WASHINGTON — When Tony Kennedy was a child in Sacramento, a frequent guest at his family's home was the popular Republican governor, Earl Warren.
Kennedy's father, Bud, was a prominent lobbyist and an admirer of the governor. He "always used to tell me what a principled man Earl Warren was," Kennedy recalled in an interview.
By the time young Kennedy was a college student at Stanford in the late 1950s, his family friend -- now Chief Justice Earl Warren -- had won legions of admirers across the nation as the liberal leader of the Supreme Court.

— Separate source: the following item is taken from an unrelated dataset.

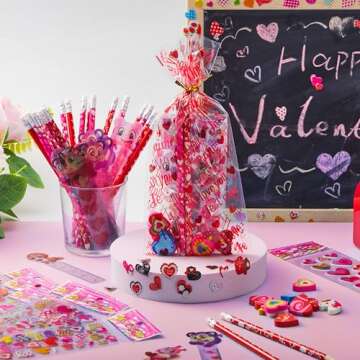JOYIN 28 Pack Valentines Day Stationery Set Assorted for Kids, with Pencils Sticker Eraser and Rulers, and Holiday Reward Prizes Classroom School Exchange Gift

Nearly two decades after Warren stepped down, another popular California governor was in the White House. When President Reagan named Anthony M. Kennedy to the Supreme Court, he did so with hopes of reversing the liberal legacy of the Warren Court.

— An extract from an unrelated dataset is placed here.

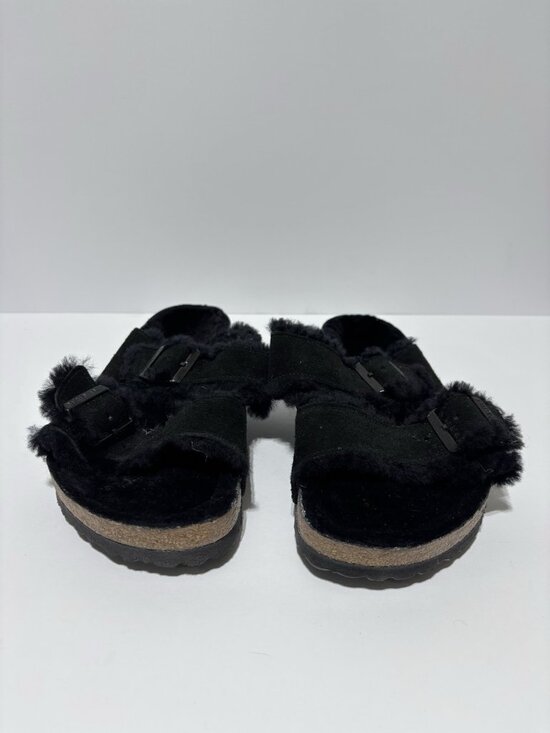 Birkenstock Men’s Arizona Shearling Suede Sandals Black, Size US 10 M, EUR 43 main image 4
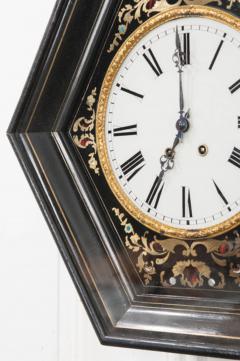 French 19th Century Boulle Inlaid Hexagonal Wall Clock - 1337646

But these days, there are as many echoes of Earl Warren as of Ronald Reagan in the opinions of Justice Kennedy.
It was the principles framed by Warren that showed in Kennedy's majority opinion last week as the court ruled 5 to 4 to abolish the death penalty for juveniles.

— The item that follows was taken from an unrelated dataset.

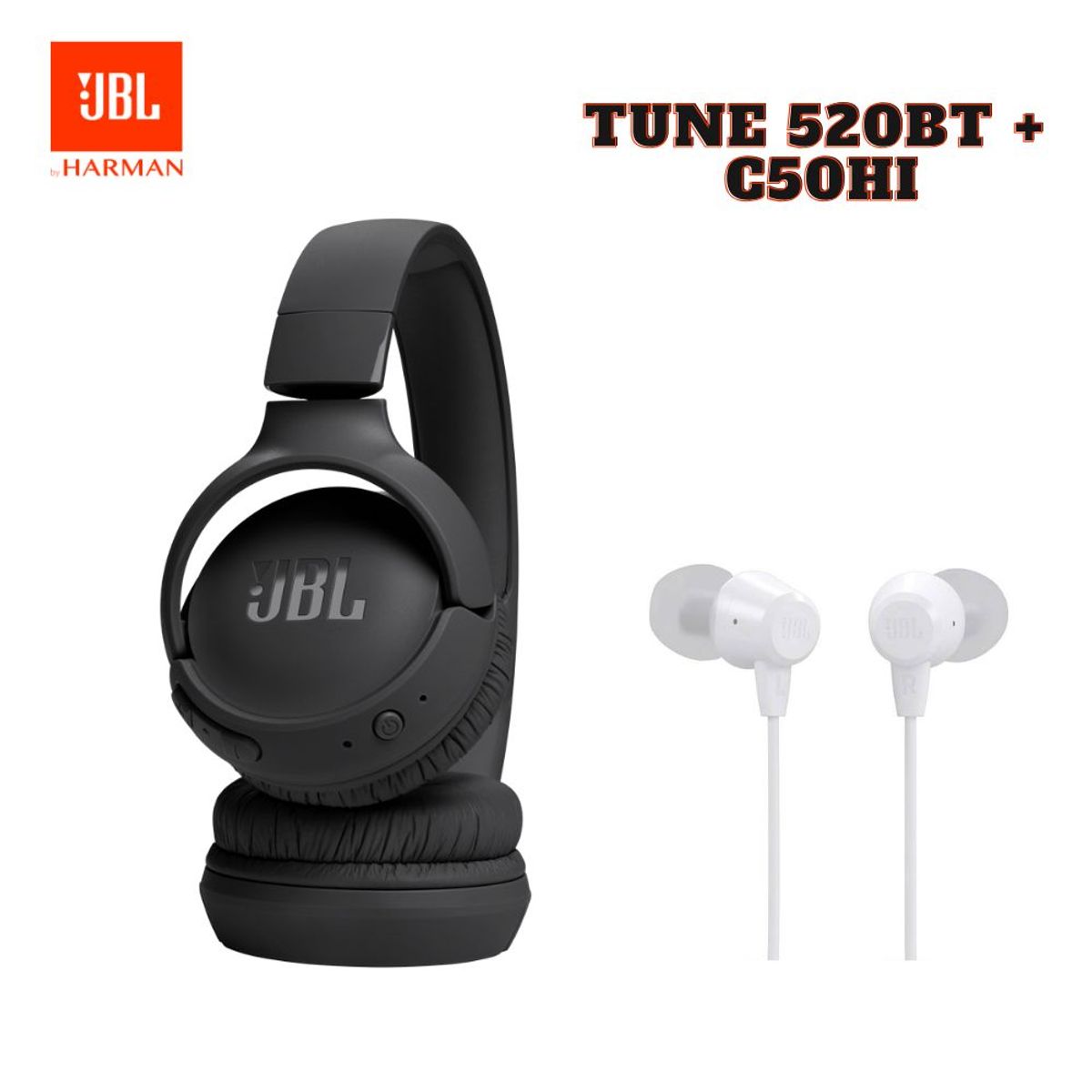 JBL - Super Combo JBL C50HI Cable Blanco + JBL TUNE 520BT Plegable Negro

Warren, who led the Supreme Court from 1953 to 1969, saw the Constitution not as a set of 18th century legal rules, but as a guarantee of fairness and decency for all Americans.
When confronted with state-imposed racial segregation in the schools of South, Warren did not look to history to discern the view of the Constitution's authors. Instead, he looked at the reality of 20th century America.
"We conclude that in the field of public education, the doctrine of 'separate but equal' has no place. Separate educational facilities are inherently unequal," Warren wrote in his first major opinion, the landmark Brown vs. Board of Education ruling.
When called upon to decide what is "cruel and unusual punishment," Warren said the court must not be bound by the past, but instead should look to "the evolving standards of decency that mark the progress of a maturing society."
Warren's admirers saw his court as a voice for idealism and an inspiration for the civil rights movement. To its critics, the Warren Court represented judicial imperialism. Across the South, "Impeach Earl Warren" signs went up along the roadsides.
The critics were not limited to the South.
They included the governor of California -- who complained that unelected, activist judges were becoming a threat to democracy. Judges, said Reagan, were making the law in areas such as abortion, school prayer and the death penalty.